FIG. 2 is a block diagram depicting exemplary internal electronic components of a gaming device 200 connected to various external systems. All or parts of the example gaming device 200 shown could be used to implement any one of the example gaming devices 104A-X depicted in FIG. 1. The games available for play on the gaming device 200 are controlled by a game controller 202 that includes one or more processors 204 and a game that may be stored as game software or a program 206 in a memory 208 coupled to the processor 204. The memory 208 may include one or more mass storage devices or media that are housed within gaming device 200. Within the mass storage devices and/or memory 208, one or more databases 210 may be provided for use by the program 206. A random number generator (RNG) 212 that can be implemented in hardware and/or software is typically used to generate random numbers that are used in the operation of game play to ensure that game play outcomes are random and meet regulations for a game of chance.

Alternatively, a game instance (i.e. a play or round of the game) may be generated on a remote gaming device such as the central determination gaming system server.
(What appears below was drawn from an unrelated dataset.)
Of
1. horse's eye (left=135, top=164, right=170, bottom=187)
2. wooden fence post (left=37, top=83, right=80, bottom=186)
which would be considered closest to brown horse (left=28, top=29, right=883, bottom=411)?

The game instance is communicated to gaming device 200 via the network 214 and then displayed on gaming device 200. Gaming device 200 may execute game software, such as but not limited to video streaming software that allows the game to be displayed on gaming device 200. When a game is stored on gaming device 200, it may be loaded from a memory 208 (e.g., from a read only memory (ROM)) or from the central determination gaming system server to memory 208. The memory 208 may include RAM, ROM or another form of storage media that stores instructions for execution by the processor 204.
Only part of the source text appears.